[GE users] Submit multiple jobs through SGE - UPDATE

santosh santosh2005 at gmail.com
Wed Feb 10 03:58:29 GMT 2010

Dear SGE Experts

I noticed that batch jobs through SGE terminated prematurely. However, the qsub jobs submitted manually with complete paths of all commands/files etc ran without any problems. Does it mean that the assigned values to different variables are not passed properly during a "qsub" job inspite of provide a "-v" or "-V" flag?

Would really appreciate your assistance.


On Tue, Feb 9, 2010 at 4:44 PM, Santosh <santosh2005 at gmail.com<mailto:santosh2005 at gmail.com>> wrote:

I am not sure if I sent to the right group..Hence a re-post.

I am a newbie to SGE and also to the discussion forum. If I have posted this query to a wrong discussion group, please direct me to  the appropriate one. I apologize for any inconvenience caused.

I want to run about 100 jobs, that involve running 100 program files w/ associated data in their respective folders, on a small linux cluster in Bourne shell . A flat ascii (csv) file contains a list of folders, program files and data files to be used.

At present there are 3 scripts (scA, scB and scC) :
ScA reads the csv file to obtain the names of program files and associated data files; and then calls scB
ScB copies requisite into the program and data files into a target folder, does additional environment setup before calling scC which compiles and executes a Fortran program by taking in the set of program file/data file. It is a single thread process as of now, run with a core of a CPU.

The above 2 scripts work okay at Linux command line.

While submitting the job through SGE, scA calls scB and all seem okay till the files are copied to respective target folder (by scB). When called by scB, scC tries to execute a nohup command to compile and execute the program, it says that job is successfully scheduled or submitted (as the case may be). However, I don't see corresponding intermediate files and in a redirected error file, I see that
"./.ext" not found" (the "value of "$progfile" as seen below is missing )

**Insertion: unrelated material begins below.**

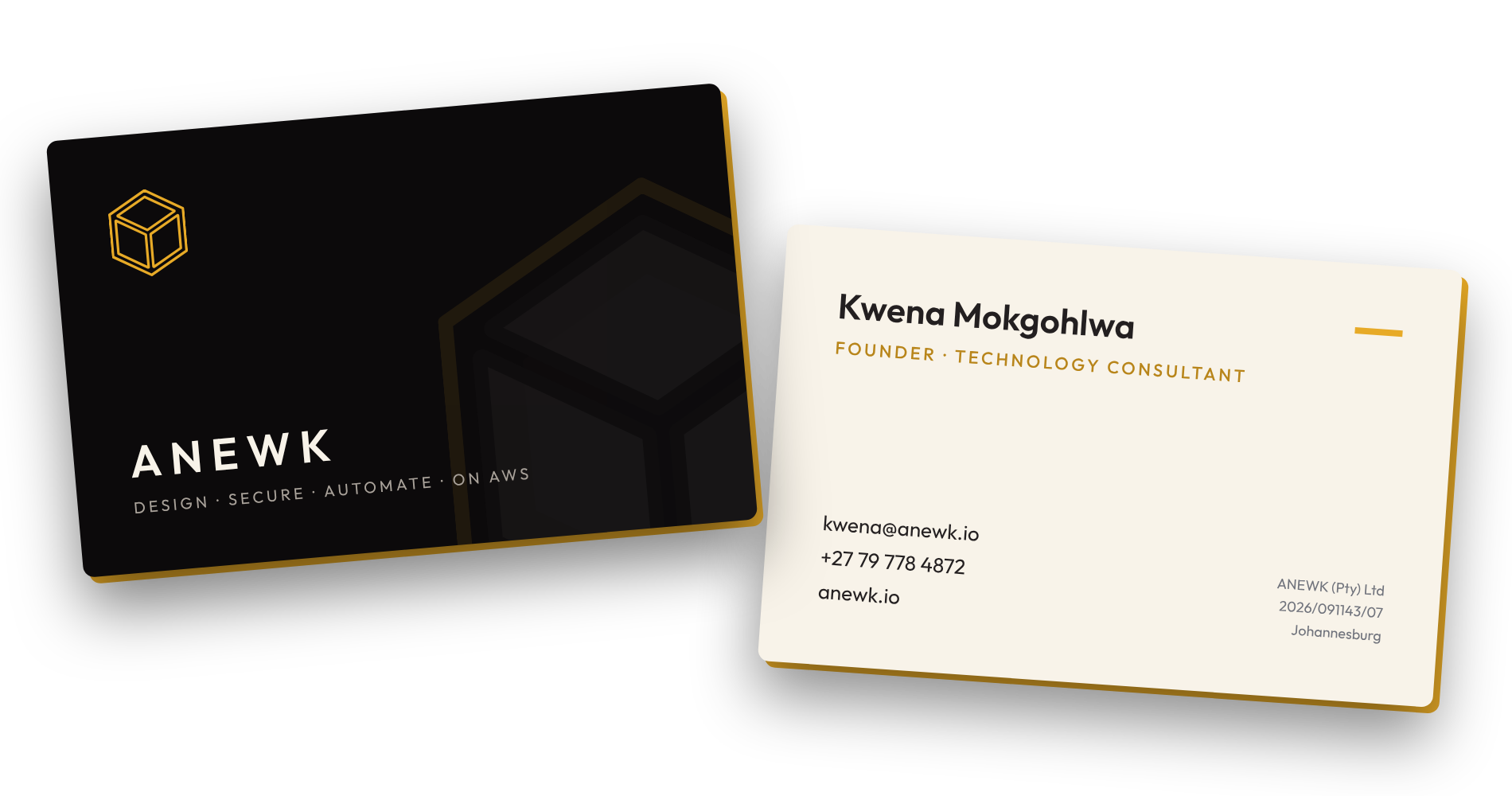 ANEWK Luxe business card concept: ink front with a gold tesseract, cream back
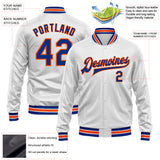 Custom White Royal-Orange Bomber Full-Snap Varsity Faux Leather Letterman Jacket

In scC, the command used is:
nohup $FProg $progfile.ext $outfile.out>&"$progfile.txt"&

The SGE command line used is as follows:
qsub -v SGE_ROOT="/opt/ge62",PATH=$PATH:/home/$USER/utils:$SGE_ROOT/bin/lx24-amd64,LD_LIBRARY_PATH="/opt/cluster/gcc/lib64:/opt/cluster/gcc/lib:$LD_LIBRARY_PATH",ARC=$SGE_ROOT/util/arch,QSUB=$SGE_ROOT/bin/$ARC/qsub,QALTER=$SGE_ROOT/bin/$ARC/qalter -cwd -b y -t 1-2 -now y -S /bin/sh /home/santosh/utils/scA

A variation of the above like the one below does not work:
qsub -V /home/santosh/utils/NPATH -cwd -b y -t 1-2 -now y -S /bin/sh /home/santosh/utils/scA

All the called scripts begin with:
#$ -S /bin/sh

Could you please let me know what I am missing? Any assistance will be highly appreciated.